Bioconductor / BiocParallel

Bioconductor facilities for parallel evaluation
https://bioconductor.org/packages/BiocParallel
67 stars 29 forks source link

allow the user to pass an infinite task number #188

Closed Jiefei-Wang closed 2 years ago

Jiefei-Wang commented 2 years ago

In some cases, the user might want the worker to run one element of the job each time, so he can set the task number to Inf to enable it. bptasks does not fully support the infinite number, I simply set it to the maximum of the integer. For example

p <-SerialParam()
bptasks(p) <- Inf
class: SerialParam
  bpisup: FALSE; bpnworkers: 1; bptasks: 2147483647; bpjobname: BPJOB
  bplog: FALSE; bpthreshold: INFO; bpstopOnError: TRUE
  bpRNGseed: ; bptimeout: NA; bpprogressbar: FALSE
  bpexportglobals: FALSE; bpforceGC: FALSE
  bplogdir: NA
  bpresultdir: NA
mtmorgan commented 2 years ago

Hmm, I'm not a fan of this.

> p = SnowParam(tasks = Inf)
Warning message:
In .prototype_update(.SnowParam_prototype, .clusterargs = clusterargs,  :
  NAs introduced by coercion to integer range
> bptasks(p)
[1] NA
> bptasks(p) = Inf
> bptasks(p)
[1] 2147483647

The patch doesn't support Inf during object construction.
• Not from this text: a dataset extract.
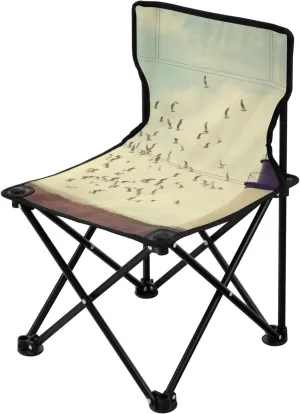 Beautiful Lighthouse Portable Outdoor Folding Chair Anti-Slip Padded Oxford Cloth Stool Camping Chair Small for Beach Hiking Fishing Gardening Quad Camp Chair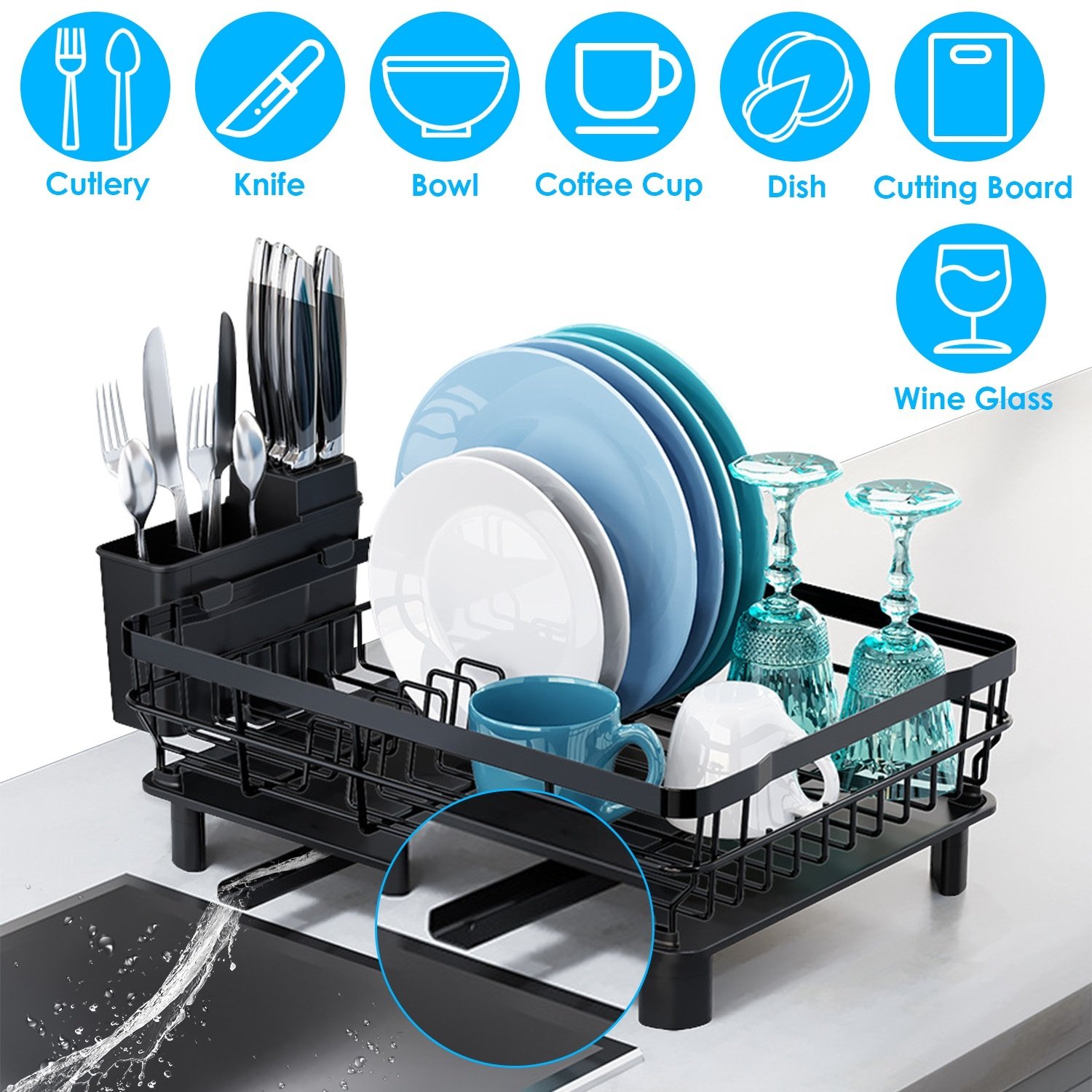 1Pc Dish Drying Rack Drain Board Utensil Holder Organizer Drainer Tableware Organizer Kitchen Countertop Storage Shelf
I don't like using Inf (real number) as a proxy for .Machine$integer.max (integer). The logic in the patch is pretty convoluted, with Inf > .Macihne$integer.max not triggering an error but other values > .Machine$integer.max complaining about values exceeding the 'maximum limit'. The user assigns Inf, but gets some cryptic number as a result.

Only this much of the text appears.